By Brian Savard
SELINSGROVE, Pennsylvania, August 31. THE On Campus series focuses its attention next on Williams senior Chris Millen. Millen represented the Ephs at the 2007 National Collegiate Athletic Association (NCAA) Division III Swimming and Diving championships, placing eighth in the 200 IM (1:54.28), second in the 400 IM (3:58.26) and second in the 200 butterfly (1:49.88). He also swam the third leg on the second-place Williams 800 freestyle relay, splitting a 1:41.14. Millen earned three school records with silver-medal swims in the 200 butterfly, the 800 freestyle relay and the 400 IM.
Millen, a English and economics double major, comes from Richboro, Pa., a suburb of Philadelphia. He attended high school at Holy Ghost Prep, a class AA school in North Philadelphia. Millen earned a bronze medal at the Pennsylvania AA High School Championships his senior year in the 200 IM behind current senior college swimmers Alex Goldsmith of Yale and Chris Weitekamp of the University of Pennsylvania. Millen also placed fourth in the 500 freestyle.
What one song psyches you up the most before a race?
I try not to depend on music as a psych-up tool; if I do listen to anything, it's in order to keep me from thinking too much about my race.
Collegiate awards won (both academic and athletic):
Division III All-American
Where do you see yourself five years from now?

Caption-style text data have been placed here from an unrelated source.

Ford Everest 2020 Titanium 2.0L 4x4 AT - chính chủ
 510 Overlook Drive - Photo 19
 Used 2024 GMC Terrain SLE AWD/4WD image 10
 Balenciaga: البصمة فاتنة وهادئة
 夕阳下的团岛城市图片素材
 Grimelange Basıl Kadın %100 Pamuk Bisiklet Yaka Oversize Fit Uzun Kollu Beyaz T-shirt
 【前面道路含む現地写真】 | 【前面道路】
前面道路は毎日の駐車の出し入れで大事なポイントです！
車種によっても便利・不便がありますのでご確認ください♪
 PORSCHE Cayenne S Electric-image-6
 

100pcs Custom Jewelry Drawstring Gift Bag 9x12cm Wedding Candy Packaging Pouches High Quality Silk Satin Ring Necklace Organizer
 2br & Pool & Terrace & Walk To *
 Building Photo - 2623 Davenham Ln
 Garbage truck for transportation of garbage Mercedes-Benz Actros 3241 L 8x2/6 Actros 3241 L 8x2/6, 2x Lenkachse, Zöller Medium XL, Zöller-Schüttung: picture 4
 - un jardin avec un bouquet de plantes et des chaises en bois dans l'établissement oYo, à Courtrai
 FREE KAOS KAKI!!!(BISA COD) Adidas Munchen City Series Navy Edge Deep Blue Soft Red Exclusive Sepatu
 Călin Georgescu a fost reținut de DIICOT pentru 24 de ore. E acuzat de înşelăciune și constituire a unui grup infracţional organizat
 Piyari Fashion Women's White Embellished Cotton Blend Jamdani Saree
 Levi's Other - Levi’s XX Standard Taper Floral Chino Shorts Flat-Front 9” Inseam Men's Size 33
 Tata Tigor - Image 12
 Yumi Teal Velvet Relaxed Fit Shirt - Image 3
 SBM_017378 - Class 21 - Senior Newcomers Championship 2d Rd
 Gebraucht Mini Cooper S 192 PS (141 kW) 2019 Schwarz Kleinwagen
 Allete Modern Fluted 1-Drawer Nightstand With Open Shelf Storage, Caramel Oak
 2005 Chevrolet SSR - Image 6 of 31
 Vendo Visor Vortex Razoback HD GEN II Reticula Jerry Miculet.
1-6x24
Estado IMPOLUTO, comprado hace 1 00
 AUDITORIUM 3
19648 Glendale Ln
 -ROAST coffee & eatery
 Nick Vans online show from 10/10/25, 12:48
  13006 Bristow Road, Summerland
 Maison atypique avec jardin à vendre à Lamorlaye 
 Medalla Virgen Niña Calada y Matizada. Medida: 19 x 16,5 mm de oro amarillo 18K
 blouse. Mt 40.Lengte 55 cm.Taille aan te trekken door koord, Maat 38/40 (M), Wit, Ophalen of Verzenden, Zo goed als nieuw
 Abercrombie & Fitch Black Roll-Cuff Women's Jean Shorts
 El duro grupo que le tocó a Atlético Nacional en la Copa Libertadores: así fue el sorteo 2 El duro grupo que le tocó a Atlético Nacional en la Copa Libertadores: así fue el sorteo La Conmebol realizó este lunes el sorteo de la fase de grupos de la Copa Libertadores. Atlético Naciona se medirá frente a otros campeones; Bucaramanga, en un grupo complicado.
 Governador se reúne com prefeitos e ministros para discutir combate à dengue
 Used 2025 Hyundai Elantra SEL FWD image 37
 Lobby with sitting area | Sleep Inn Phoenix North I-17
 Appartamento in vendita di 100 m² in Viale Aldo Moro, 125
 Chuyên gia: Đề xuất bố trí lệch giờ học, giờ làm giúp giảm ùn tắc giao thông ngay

I'm still in denial about having only a year left of college, so I don't have a finite five-year plan. Hopefully, I'll be doing something enjoyable, as long as I'm not still living at home.
What made you choose the college that you attend?
I chose Williams because I felt I needed to go somewhere completely different from where I was. I wanted academics to be more important to me than they had been. The small size of the college really appealed to me, and I actually like that it's as isolated as it is. I drove up to get to know the team after I left Florida and was 100 percent sure that these were the kind of people that I wanted to finish college with.
At what point in your swimming career did you realize your talent as an elite swimmer?
I had my biggest breakthrough during the summer after my freshman year of high school, so that's when it got into my head that I could be good. That's when I really made the commitment to make the sacrifices to get faster.
I think people often confuse talent with work ethic because you can't tell which combination of the two a swimmer has simply from their times, and even though I will never consider myself to be naturally talented, that was the point at which I realized I had at least the potential to improve through hard work. It's also when I picked up the mile as one of my main events, and even though I don't do it anymore, training for it and doing lots of distance fly and IM sets made me tougher, so I had more confidence in myself and started to believe I could be good, which is really important, too. The training I had been doing in the senior group at my club team that year really took me to the next level, and it's been a pretty gradual climb since then.
What are your goals for the 2007-08 season?
I am going to drop all of my times from last year, especially my 200 free for the relay. And I'm looking to improve my backstroke and breaststroke, because that's the weak half of my IM.
My main goal, however, is to be happy with how I swim both in-season and tapered, because NCAAs was disappointing for me after how well I had swum in dual meets and at my conference meet last season. I want to end this year on a good note and, of course, have fun sharing it with my teammates.
What advice would you give to a high school swimmer with your talent looking at colleges?
Keep an open mind because you can miss out on a great school you might really love by generalizing and not paying attention to the things that really make it special. Go somewhere where you'll be challenged but comfortable, both in the classroom and in the pool. Find a close team that you genuinely like, that shares your goals and interests, and will motivate you to be better, not just for yourself, but for your teammates, too.
Make sure you can train and compete as much as you want, and find a program you won't grow out of. Choose a school that fits you academically, socially, and athletically, because if any of those three things doesn't work for you, it will be hard to compensate with the other ones—I learned that lesson the hard way. Most importantly, though, choose a school and a team where you know you'll have fun, because you're only young and in college once.
What is the most difficult challenge that you've had to overcome in your swimming career?
I hit a plateau my first two years of college. I didn't drop much time, even though I was training more than ever, and swimming wasn't as fun for me as it used to be. Between long course and short course, I'd had three mediocre seasons in a row and was in the middle of a fourth during my sophomore year. I had thought I just needed time to adjust to the program, but when I came back for my second year, nothing felt right about what I was doing. It was frustrating not to enjoy the sport that I loved so much while I was still putting in all the time and energy. I dreaded going to practice, and that was hard for me, because I'm definitely a trainer. When my shoulder started give me trouble and I had to take some time off that fall, I had to step back and evaluate where I was going with this. I knew that I definitely needed to move on, because I wasn't happy with my swimming, and that was combining with other things to create a really bad college experience for me. A coach who had worked with my club team had said, "If nothing changes, nothing changes." So I reprioritized; I made up my mind to finish out the year and find somewhere else. Starting over was kind of scary, but I knew it would be worth it, and now swimming is fun again.